_Your task_
Everything from the line with "Certified 2025 Ford F150 Raptor image 33" to the end of the data below must be returned exactly as it is, and nothing besides.

★ ★ ★ ★ ★ ★ ★

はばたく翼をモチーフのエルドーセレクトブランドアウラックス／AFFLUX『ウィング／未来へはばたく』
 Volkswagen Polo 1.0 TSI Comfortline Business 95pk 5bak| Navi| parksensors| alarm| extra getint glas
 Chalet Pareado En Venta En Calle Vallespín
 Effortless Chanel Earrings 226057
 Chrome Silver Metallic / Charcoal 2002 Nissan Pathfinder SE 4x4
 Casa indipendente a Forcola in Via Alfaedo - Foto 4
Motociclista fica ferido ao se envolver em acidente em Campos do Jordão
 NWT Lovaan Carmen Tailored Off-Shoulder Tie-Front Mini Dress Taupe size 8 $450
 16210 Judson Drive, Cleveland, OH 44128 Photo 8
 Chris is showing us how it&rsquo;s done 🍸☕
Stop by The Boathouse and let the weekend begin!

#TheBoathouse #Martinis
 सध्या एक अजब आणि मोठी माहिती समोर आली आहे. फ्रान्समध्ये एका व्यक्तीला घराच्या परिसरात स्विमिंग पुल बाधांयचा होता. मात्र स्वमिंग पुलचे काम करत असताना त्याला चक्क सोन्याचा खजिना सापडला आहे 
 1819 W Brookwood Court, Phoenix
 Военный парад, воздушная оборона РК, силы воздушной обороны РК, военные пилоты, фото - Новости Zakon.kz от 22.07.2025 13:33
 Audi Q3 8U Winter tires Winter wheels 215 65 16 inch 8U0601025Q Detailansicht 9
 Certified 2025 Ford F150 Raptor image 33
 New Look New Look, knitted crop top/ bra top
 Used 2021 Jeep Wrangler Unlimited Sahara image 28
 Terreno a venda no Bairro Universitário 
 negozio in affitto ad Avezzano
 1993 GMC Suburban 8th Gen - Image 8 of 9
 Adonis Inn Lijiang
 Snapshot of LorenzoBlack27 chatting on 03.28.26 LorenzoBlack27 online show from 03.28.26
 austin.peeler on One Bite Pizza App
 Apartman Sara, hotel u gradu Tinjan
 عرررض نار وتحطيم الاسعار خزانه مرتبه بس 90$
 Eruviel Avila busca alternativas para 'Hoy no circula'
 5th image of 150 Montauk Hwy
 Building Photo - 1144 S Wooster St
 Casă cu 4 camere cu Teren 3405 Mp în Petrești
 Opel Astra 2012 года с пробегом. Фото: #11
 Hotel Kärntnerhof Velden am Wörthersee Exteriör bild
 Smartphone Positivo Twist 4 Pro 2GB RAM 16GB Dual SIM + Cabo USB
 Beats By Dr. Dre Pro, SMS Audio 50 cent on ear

★ ★ ★ ★ ★ ★ ★

_Solution to the problem_
 Certified 2025 Ford F150 Raptor image 33
 New Look New Look, knitted crop top/ bra top
 Used 2021 Jeep Wrangler Unlimited Sahara image 28
 Terreno a venda no Bairro Universitário 
 negozio in affitto ad Avezzano
 1993 GMC Suburban 8th Gen - Image 8 of 9
 Adonis Inn Lijiang
 Snapshot of LorenzoBlack27 chatting on 03.28.26 LorenzoBlack27 online show from 03.28.26
 austin.peeler on One Bite Pizza App
 Apartman Sara, hotel u gradu Tinjan
 عرررض نار وتحطيم الاسعار خزانه مرتبه بس 90$
 Eruviel Avila busca alternativas para 'Hoy no circula'
 5th image of 150 Montauk Hwy
 Building Photo - 1144 S Wooster St
 Casă cu 4 camere cu Teren 3405 Mp în Petrești
 Opel Astra 2012 года с пробегом. Фото: #11
 Hotel Kärntnerhof Velden am Wörthersee Exteriör bild
 Smartphone Positivo Twist 4 Pro 2GB RAM 16GB Dual SIM + Cabo USB
 Beats By Dr. Dre Pro, SMS Audio 50 cent on ear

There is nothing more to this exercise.